### WORK REQUEST
For the entries that follow, retype exactly the lines from the one containing "近くのセブンイレブン 綾瀬大上8丁目店まで619m（徒歩8分）" to the one containing "PUGSE ÖNÜ DÜĞMELİ", inclusive, and only those. Images stay out of the copy.
(DATA EXTRACTS)
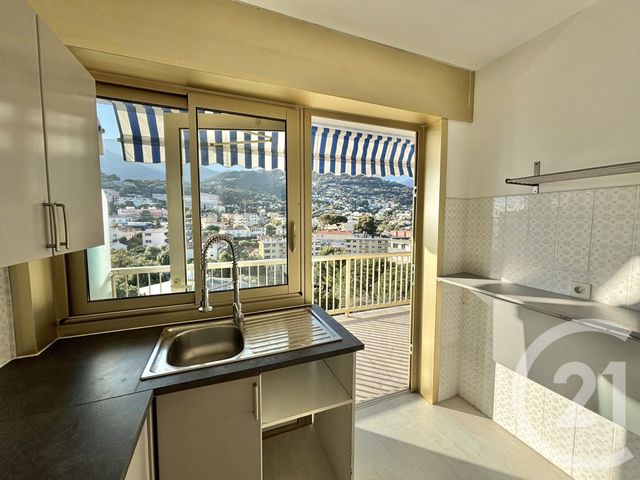 Appartement T2 à louer - 2 pièces - 56.21 m2 - ROQUEBRUNE CAP MARTIN - 06 - PROVENCE-ALPES-COTE-D-AZUR - Century 21 Agence Molière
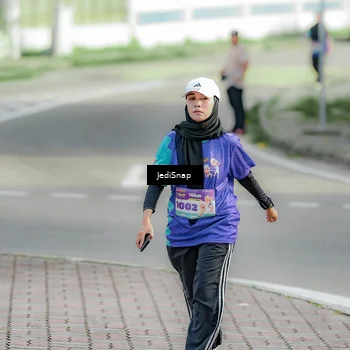Runner Photo 8334627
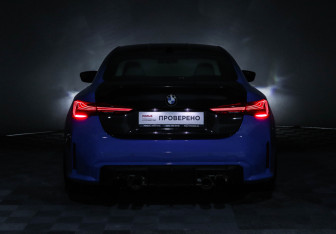Подержанный автомобиль BMW M4 Coupe 2024 года (20 фото)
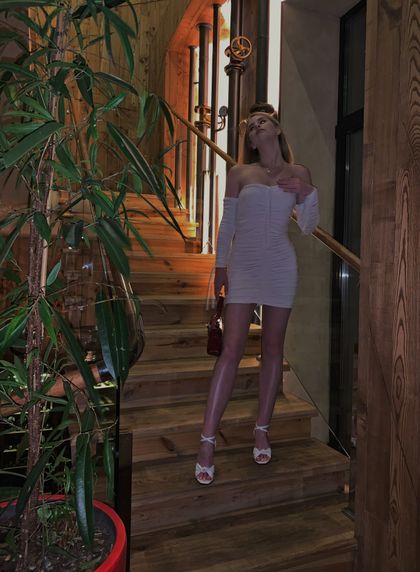polllllli OnlyFans picture
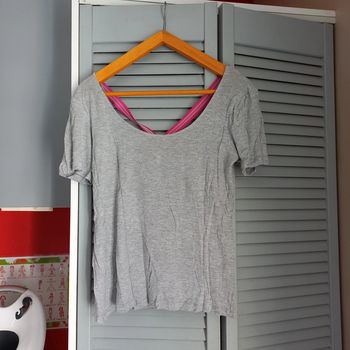 Tee shirt gris a bretelles croisées dans le dos
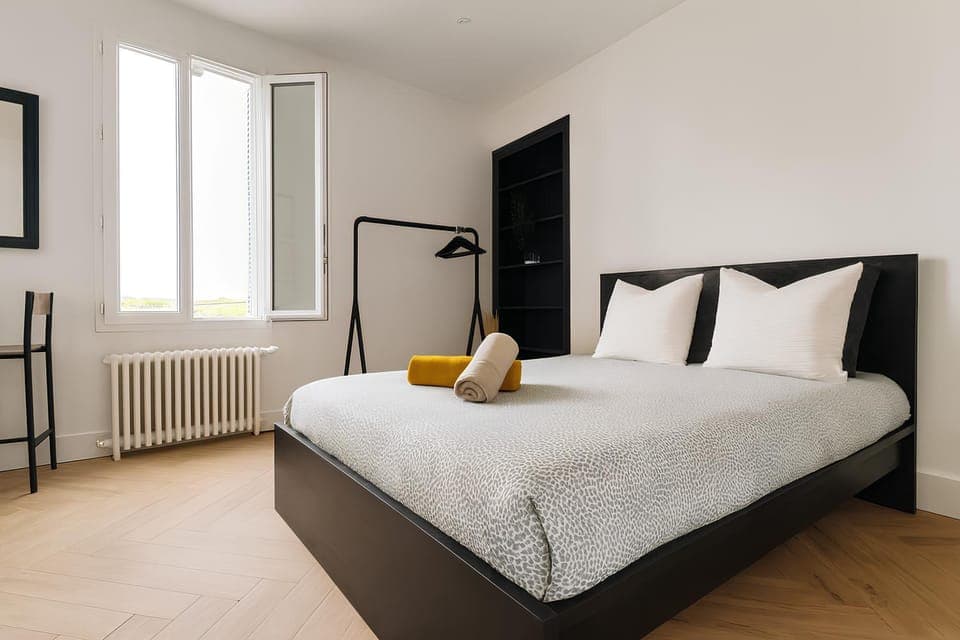 Bed, Photo of the whole room, Bedroom, internet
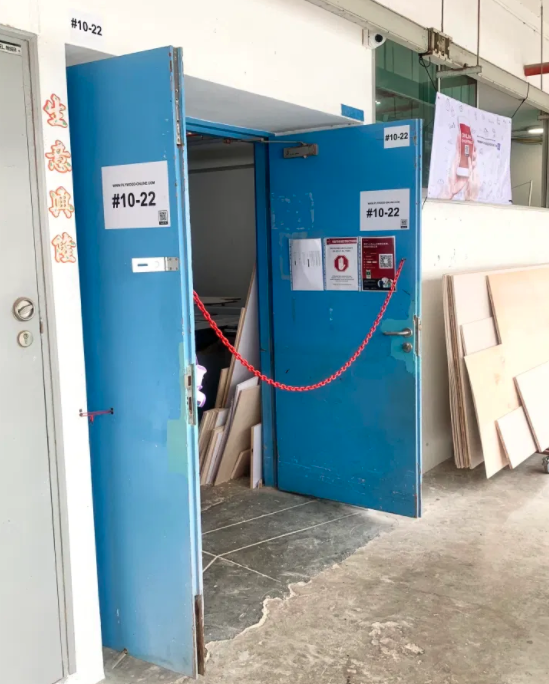 Contact Plywood Online (Singapore) Supplier near you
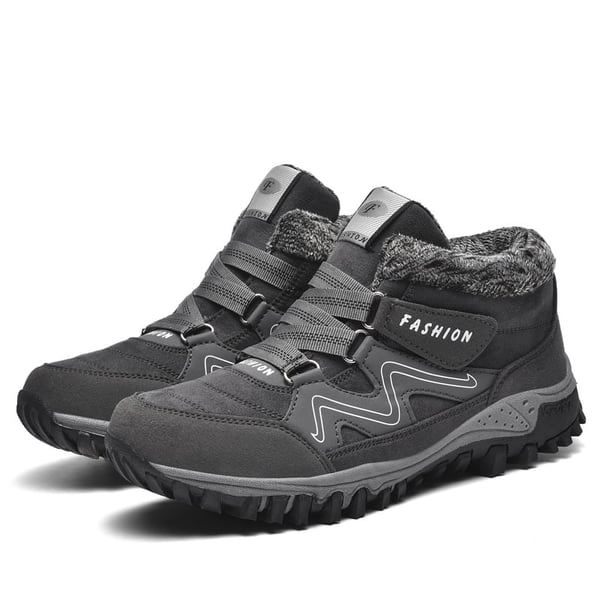 Warm Aspen snow boots: unisex, waterproof, non-slip grip, perfect for cold outdoor adventures.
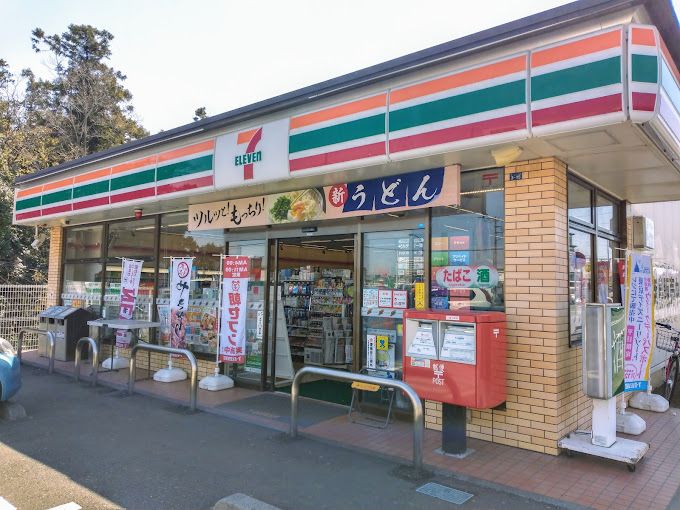近くのセブンイレブン 綾瀬大上8丁目店まで619m（徒歩8分）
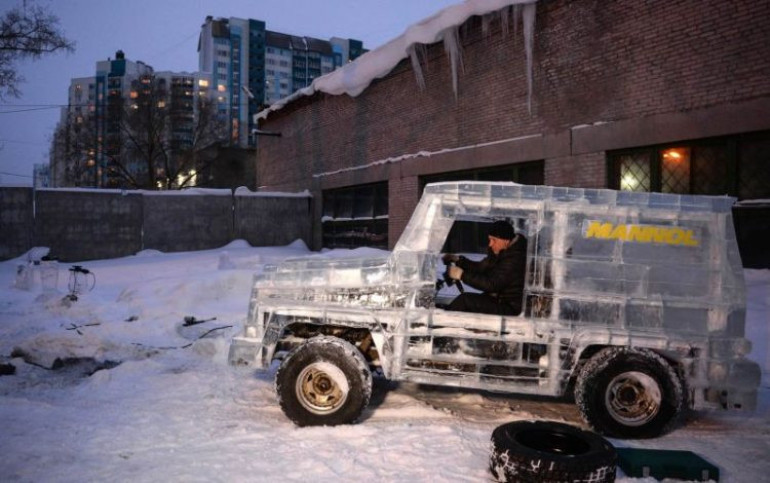 Ռուս բլոգերը սառույցից Mercedes G-Class-ի կրկնօրինակն է հավաքել, որը հնարավոր է գործի գցել (տեսանյութ)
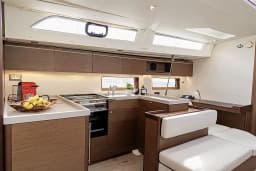 Oceanis 51.1 in Athens / Alimos Marina thumbnail 9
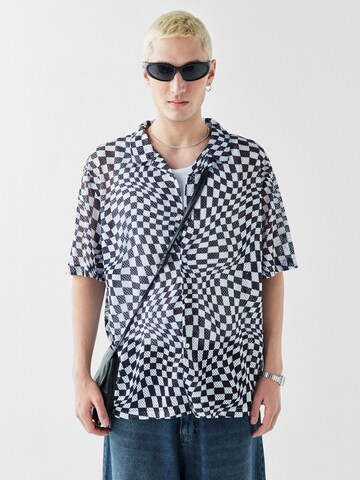 VAMOS CLO Comfort fit Button Up Shirt 'Miami' in Black: front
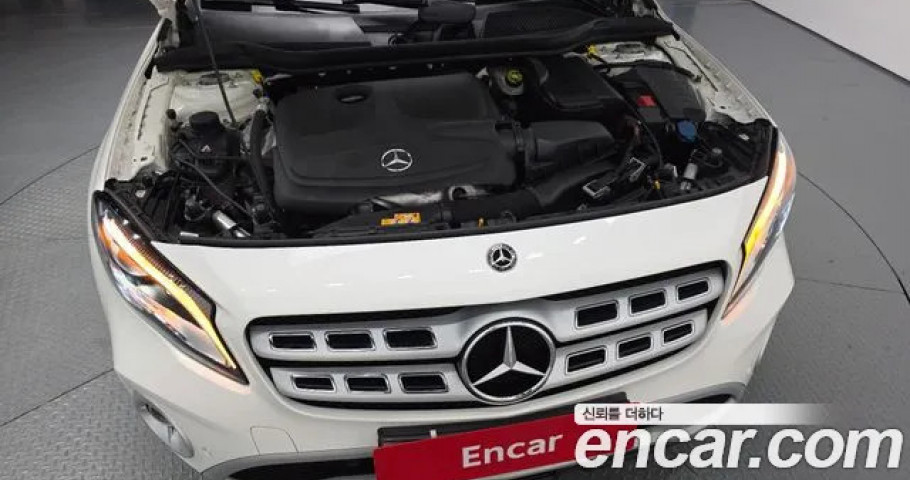 Mercedes-Benz Gla-Class 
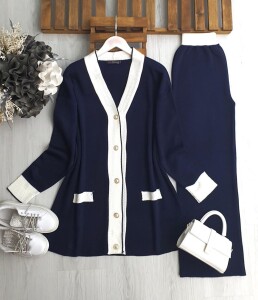 PUGSE ÖNÜ DÜĞMELİ SÜS CEPLİ TRİKO TAKIM 8156-12-LACİVERT - 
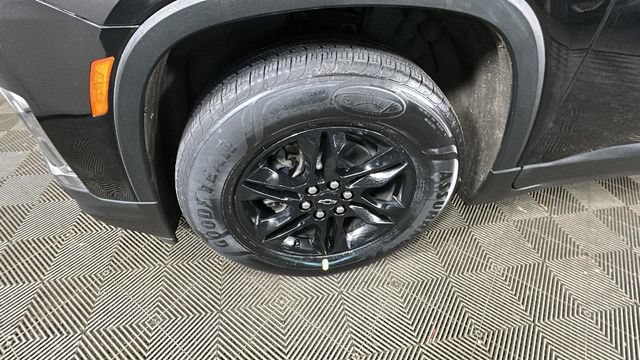 Used 2022 Chevrolet Traverse LT FWD image 10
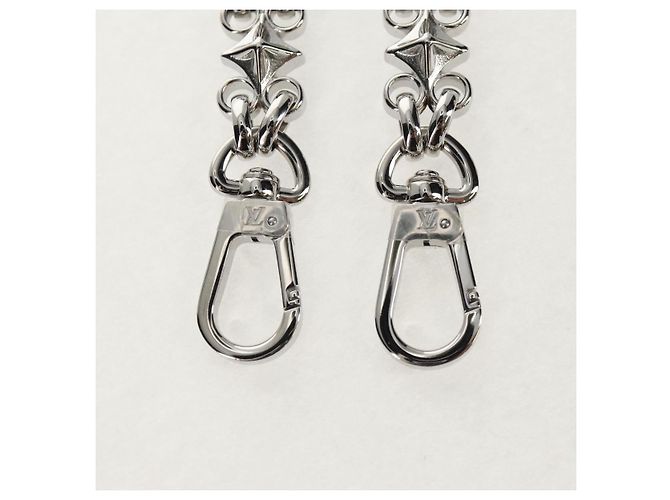 LOUIS VUITTON Kettenriemen Metall Silber LV Auth 141726M - Ansicht 3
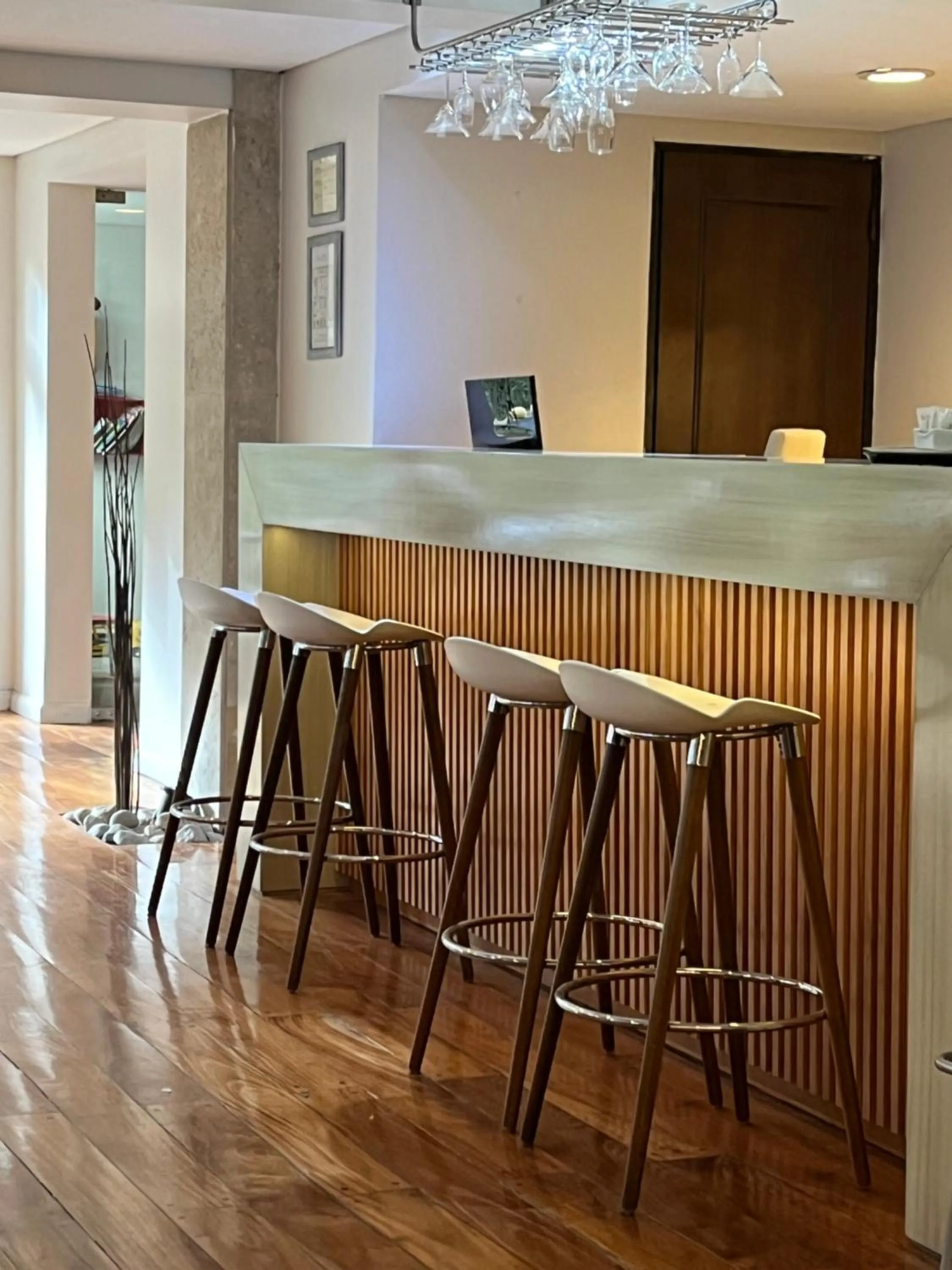 Lounge or bar in Kenton Palace Bariloche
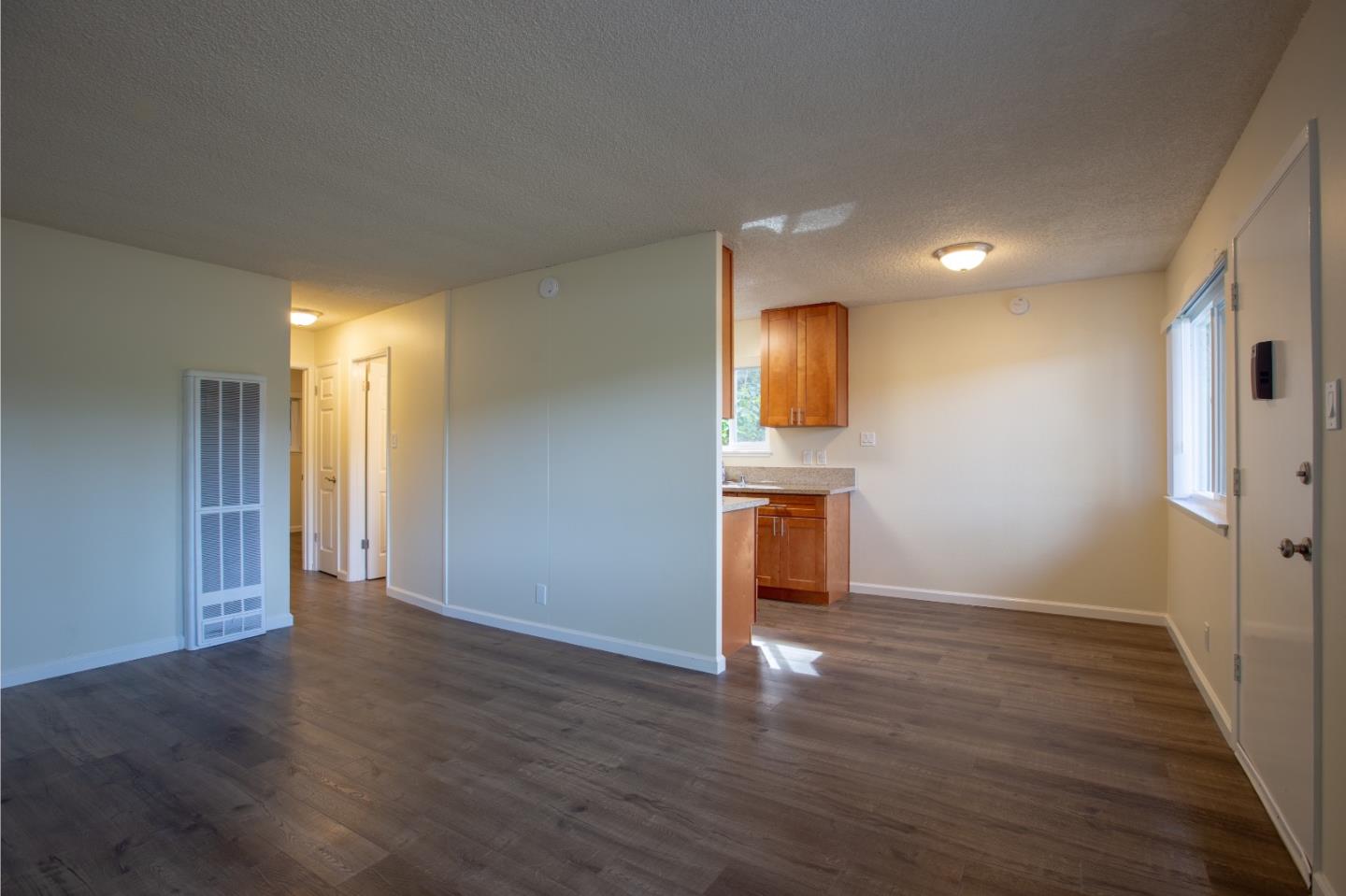 Detail Gallery Image 1 of 1 For 1580 Higgins Way #4,  Pacifica,  CA 94044 - 2 Beds | 1 Baths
(End DATA EXTRACTS)
### OUTPUT
近くのセブンイレブン 綾瀬大上8丁目店まで619m（徒歩8分）
 Ռուս բլոգերը սառույցից Mercedes G-Class-ի կրկնօրինակն է հավաքել, որը հնարավոր է գործի գցել (տեսանյութ)
 Oceanis 51.1 in Athens / Alimos Marina thumbnail 9
 VAMOS CLO Comfort fit Button Up Shirt 'Miami' in Black: front
 Mercedes-Benz Gla-Class 
 PUGSE ÖNÜ DÜĞMELİ SÜS CEPLİ TRİKO TAKIM 8156-12-LACİVERT - 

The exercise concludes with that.